Balteschwiler baut 24 Stellen ab
22.05.2026 LaufenburgDamit verbunden ist eine Reduktion der Angebotspalette bis Ende 2027
Die Balteschwiler AG passt sich den veränderten Marktverhältnissen an. Anfang Mai wurde die strategische Neuausrichtung bekanntgegeben. Jetzt ist klar, welche Stellen über welchen Zeitraum vom Abbau betroffen ...
Damit verbunden ist eine Reduktion der Angebotspalette bis Ende 2027
Die Balteschwiler AG passt sich den veränderten Marktverhältnissen an. Anfang Mai wurde die strategische Neuausrichtung bekanntgegeben. Jetzt ist klar, welche Stellen über welchen Zeitraum vom Abbau betroffen sind.
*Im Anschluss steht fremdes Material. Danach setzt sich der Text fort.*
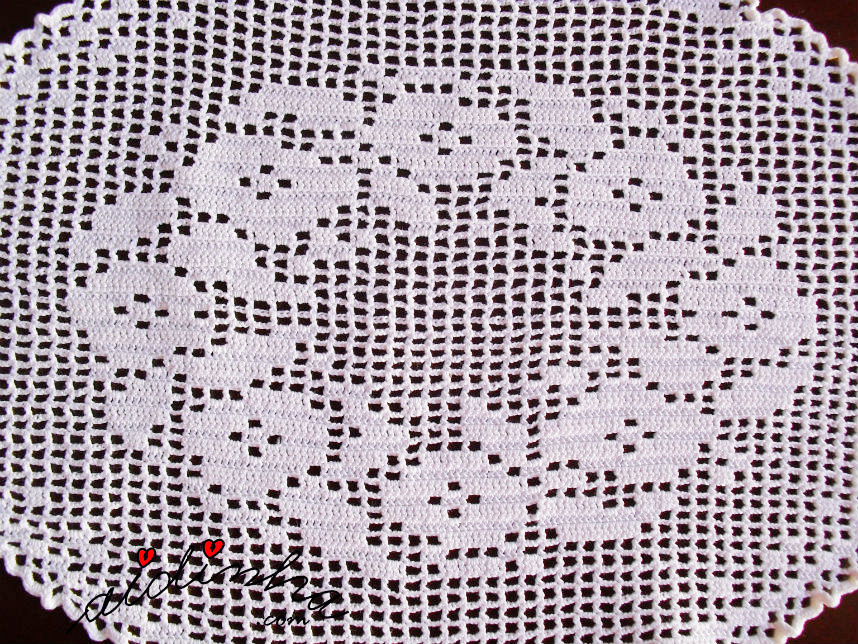 Foto do desenho central do naperon de crochet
«Mit der Fokussierung auf den Bereich Abbund geht ein geordneter Ausstieg aus den Bereichen Handel, Hobel und Hobelwaren-Beschichtung über die nächsten rund zwei Jahre einher. Von den Mitarbeitenden in diesen Bereichen werden 32 in die stark wachsende Abteilung Abbund wechseln können oder in Pension gehen. 24 Mitarbeitende werden aus der Balteschwiler AG bis Ende 2027 ausscheiden oder bei natürlicher Fluktuation nicht ersetzt werden», schreibt die Unternehmensleitung in einer Mitteilung an die Medien. Und weiter: «Die lange Vorlaufszeit verschafft vielen Mitarbeitenden genügend Zeit, um sich neu zu orientieren.» Das Amt für Wirtschaft und Arbeit sei frühzeitig involviert worden und die Mitarbeitenden am 5. Mai 2026 über die geplante Neuausrichtung und die Möglichkeit informiert worden, während der Konsultationsphase Anträge zur Vermeidung von Kündigungen oder Milderung der Kündigungsfolgen einzureichen. Die Anträge seien intensiv geprüft und basierend darauf eine Vielzahl von Massnahmen entwickelt worden.
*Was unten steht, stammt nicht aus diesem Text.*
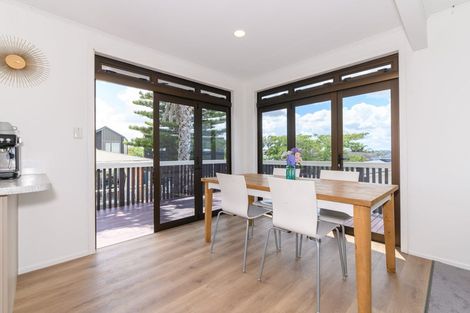 Photo of property in 33 Dawnhaven Drive, Te Atatu Peninsula, Auckland, 0610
«Die aktuelle Marktsituation in den Verdrängungsmärkten Handel, Hobel und Beschichtung, die geprägt sind von sinkenden Preisen und dünnen Margen und der gleichzeitig dringend anstehende Investitionsbedarf von über 20 Millionen Franken im Bereich Hobel, haben den Verwaltungsrat und die Geschäftsleitung bereits vor zwei Jahren veranlasst, die aktuelle Angebotspalette zu überprüfen. Nach eingehender Evaluation aller Optionen, die mittels Investitionsplänen, Machbarkeitsstudien und Rentabilitätsrechnungen validiert wurden, steht die Fokussierung auf den Wachstumsmarkt ‹Abbund und Ingenieurholzbau› fest», so die Geschäftsleitung.
Die Balteschwiler AG wird die nächsten drei Jahre einen erheblichen Ausbau des bereits bestehenden und erfolgreichen Abbund-Centers mit Investitionen von über 3 Millionen Franken am Standort Laufenburg vornehmen, was ein starkes Bekenntnis zum bestehenden Standort sei. Ebenso garantiere es Schweizer Know-how und Qualität sowie Sicherheit für den grössten Teil der Mitarbeitenden. CEO Markus Fuhrer: «Obschon wir von der Neuausrichtung überzeugt sind, ist die Entscheidung dem Verwaltungsrat und der Geschäftsleitung alles andere als leichtgefallen. Bis zuletzt wurden Varianten geprüft, um die heutige Angebotspalette rentabel weiterführen und die damit verbundenen Arbeitsplätze erhalten zu können. Die Resultate haben gezeigt, dass die Wirtschaftlichkeit für drei bisherige Bereiche unter den gegebenen Marktbedingungen nicht erreicht werden kann.»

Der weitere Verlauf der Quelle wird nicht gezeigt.